Task - The records below are to be repeated in full, exactly as they are.

The data -
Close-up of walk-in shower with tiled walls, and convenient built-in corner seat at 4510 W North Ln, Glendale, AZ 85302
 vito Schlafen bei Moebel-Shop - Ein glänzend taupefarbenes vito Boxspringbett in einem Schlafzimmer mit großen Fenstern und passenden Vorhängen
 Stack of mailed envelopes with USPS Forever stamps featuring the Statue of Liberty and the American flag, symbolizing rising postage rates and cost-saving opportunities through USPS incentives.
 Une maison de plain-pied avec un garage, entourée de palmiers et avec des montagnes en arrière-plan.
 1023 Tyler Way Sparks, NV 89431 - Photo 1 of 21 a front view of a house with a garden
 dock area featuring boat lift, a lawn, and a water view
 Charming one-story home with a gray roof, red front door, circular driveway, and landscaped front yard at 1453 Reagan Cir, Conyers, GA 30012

Written solution -
Close-up of walk-in shower with tiled walls, and convenient built-in corner seat at 4510 W North Ln, Glendale, AZ 85302
 vito Schlafen bei Moebel-Shop - Ein glänzend taupefarbenes vito Boxspringbett in einem Schlafzimmer mit großen Fenstern und passenden Vorhängen
 Stack of mailed envelopes with USPS Forever stamps featuring the Statue of Liberty and the American flag, symbolizing rising postage rates and cost-saving opportunities through USPS incentives.
 Une maison de plain-pied avec un garage, entourée de palmiers et avec des montagnes en arrière-plan.
 1023 Tyler Way Sparks, NV 89431 - Photo 1 of 21 a front view of a house with a garden
 dock area featuring boat lift, a lawn, and a water view
 Charming one-story home with a gray roof, red front door, circular driveway, and landscaped front yard at 1453 Reagan Cir, Conyers, GA 30012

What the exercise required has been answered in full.